Task Specific Sharpness Aware O-RAN Resource Management using Multi Agent Reinforcement Learning
Fatemeh Lotfi, Hossein Rajoli, Fatemeh Afghah
TL;DR
This work tackles robust, scalable resource management for dynamic O-RAN networks by integrating Sharpness-Aware Minimization into a distributed SAC-based MARL framework (TA-SAM MARL). A TD-error variance–driven mechanism selectively applies SAM to actors and critics to promote flatter, more generalizable loss landscapes while dynamically scheduling the SAM radius $ ho$ to balance exploration and exploitation across heterogeneous slices.

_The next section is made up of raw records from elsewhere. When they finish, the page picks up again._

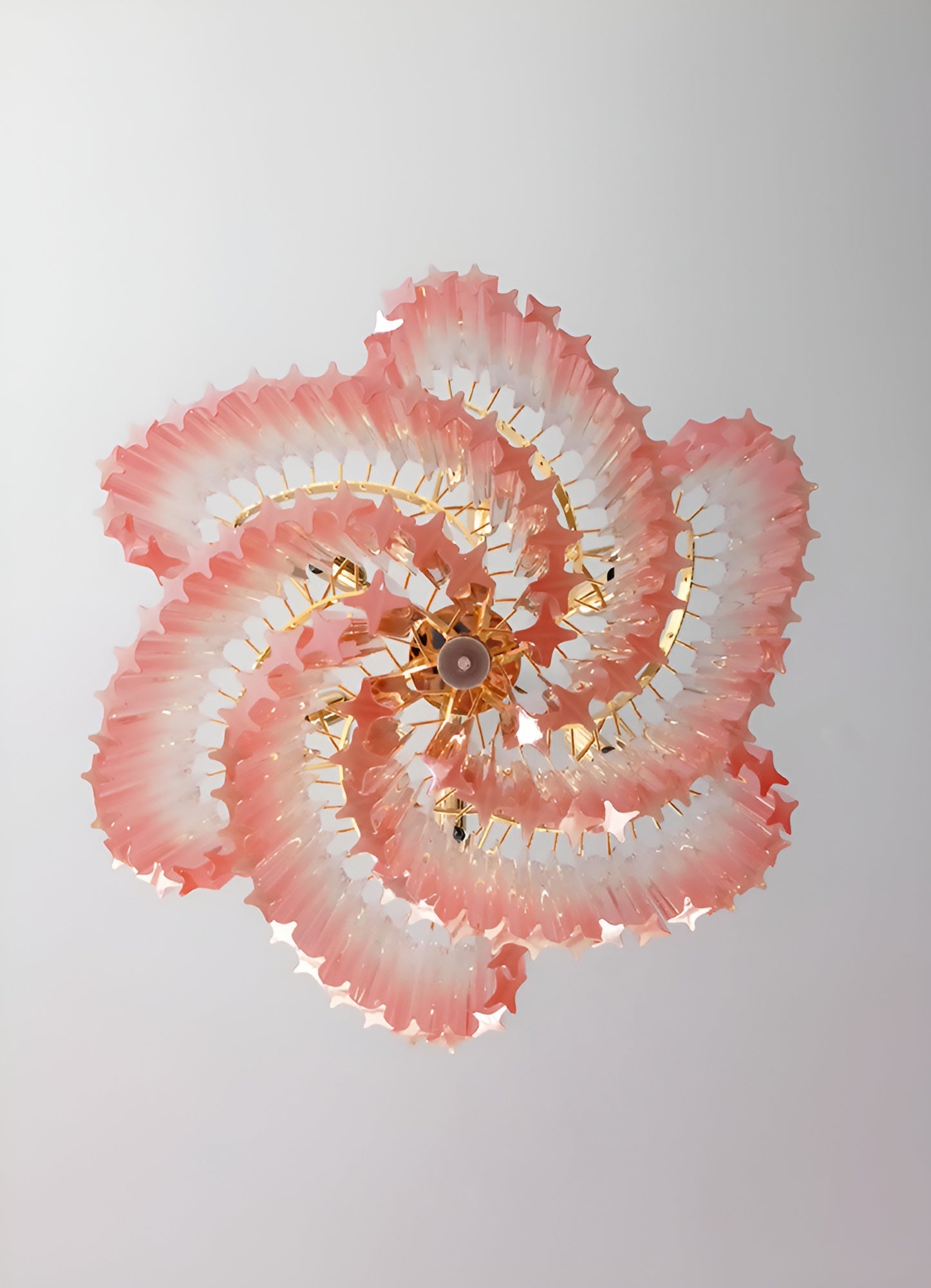Glass Pink Prism Chandelier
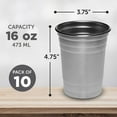 thumbnail image 5 of Stainless Steel Beer Cups 16 oz. Set of 10, Bulk Pack - Perfect for Corporate Parties, Indoor & Outdoor Events - Silver, 5 of 5
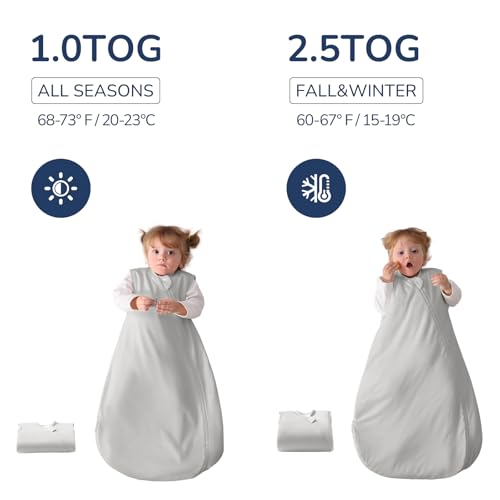 Image of 2.5 Tog Baby Sleep Sack 6-12 Months, Supersoft Quilted Cotton Thermostatic Toddler Sleeping Sack for Babies Infant, 2-Way Zipper Warm Comfy Baby Wearable Blanket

Empirical results show up to 22% gains in resource allocation efficiency and QoS satisfaction across eMBB, mMTC, and URLLC slices, with improved stability and reduced forgetting in non-stationary network conditions. The proposed approach demonstrates strong generalization, scalability, and resilience, making it well-suited for deployment in near-real-time O-RAN control loops, with future work focusing on latency-aware inference and policy compression for hardware accelerators.
Abstract
Next-generation networks utilize the Open Radio Access Network (O-RAN) architecture to enable dynamic resource management, facilitated by the RAN Intelligent Controller (RIC). While deep reinforcement learning (DRL) models show promise in optimizing network resources, they often struggle with robustness and generalizability in dynamic environments. This paper introduces a novel resource management approach that enhances the Soft Actor Critic (SAC) algorithm with Sharpness-Aware Minimization (SAM) in a distributed Multi-Agent RL (MARL) framework. Our method introduces an adaptive and selective SAM mechanism, where regularization is explicitly driven by temporal-difference (TD)-error variance, ensuring that only agents facing high environmental complexity are regularized. This targeted strategy reduces unnecessary overhead, improves training stability, and enhances generalization without sacrificing learning efficiency. We further incorporate a dynamic $ρ$ scheduling scheme to refine the exploration-exploitation trade-off across agents. Experimental results show our method significantly outperforms conventional DRL approaches, yielding up to a $22\%$ improvement in resource allocation efficiency and ensuring superior QoS satisfaction across diverse O-RAN slices.